Revistas e jornais. Cerca de 5 000 títulos de revistas e jornais do século XVII aos dias de hoje, dos quais 260 assinaturas atuais.
Mapas e plantas. Cerca de 15 000 mapas manuscritos e impressos de Paris e da região da Ilha de França, do século XVI aos dias de hoje.
Manuscritos. Cerca de 20 000 manuscritos históricos que vão desde a Idade Média até ao século XX. A estes juntam-se coleções particulares: George Sand, Jules Michelet, Jean Cocteau, Voltaire, Marie-Louise Bouglé, Charles-Félix Parent de Rosan.
Imagens
Desenhos
Cartazes. Cerca de 80 000 cartazes dos séculos XVII ao XX.
Postais. Cerca de 200 000, dos séculos XIX ao XX, relativos a Paris e à sua região.
Coleções teatrais. O acervo teatral baseia-se principalmente na biblioteca da Associação da Regência Teatral (ART), integrada em 1969. Esta coleção documenta sobretudo a vida dos teatros privados parisienses nos séculos XIX e XX.
Documentos efémeros. A biblioteca conserva uma coleção de documentos efémeros, outrora chamados "Actualités", sobre Paris e a sua região.
Uma sala de leitura com 86 lugares permite a consulta dos documentos e o acesso a postos informáticos.

Atividades culturais da Biblioteca Histórica de Paris
A biblioteca organiza pontualmente visitas e propõe regularmente conferências sobre um tema específico das suas coleções.

Exibe também regularmente documentos em vitrina na receção da biblioteca.

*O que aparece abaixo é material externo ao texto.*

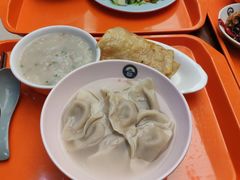 -梅园食堂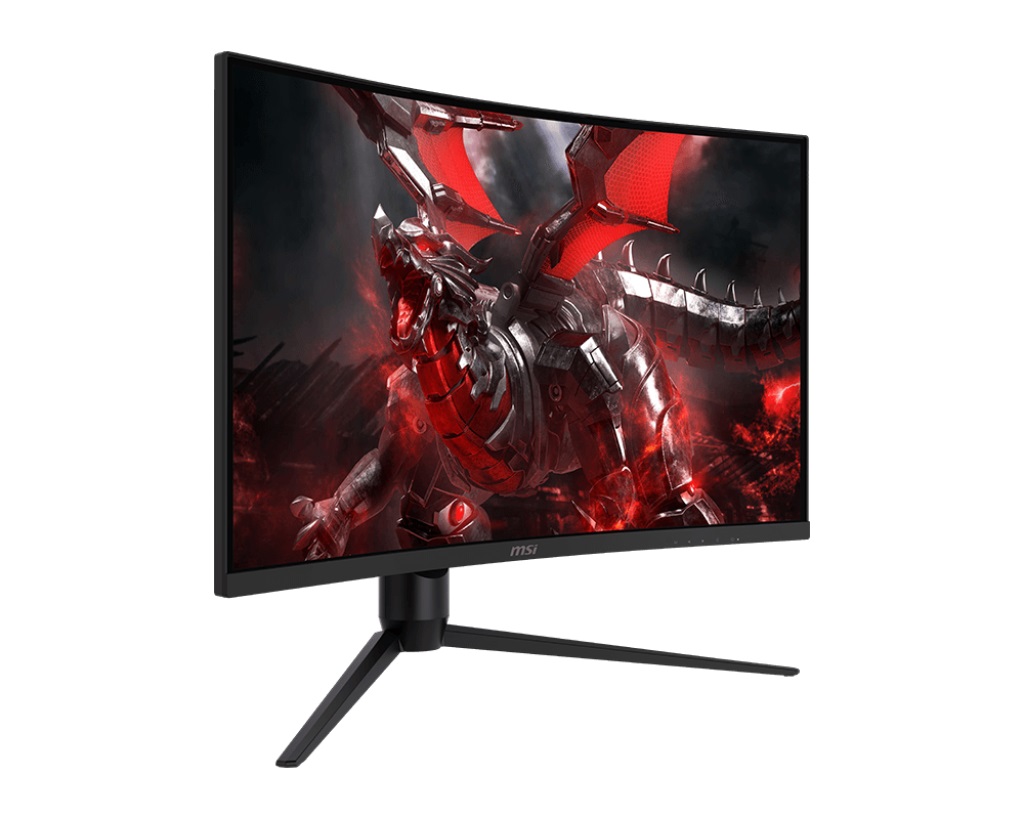MSI G271CQP E2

Estátuas funerárias de Diana e Carlos de Valois
As estátuas funerárias de Diana de Angoulême, executadas por Thomas Boudin em 1623, e de Carlos de Valois, obra de Pierre Biard em 1661, estão instaladas num pavilhão moderno à direita, no topo das escadas. Até à Revolução, ornamentavam a capela funerária da família de Angoulême na igreja do convento dos Mínimos, hoje destruída. Esta igreja situava-se a norte da Praça dos Vosges.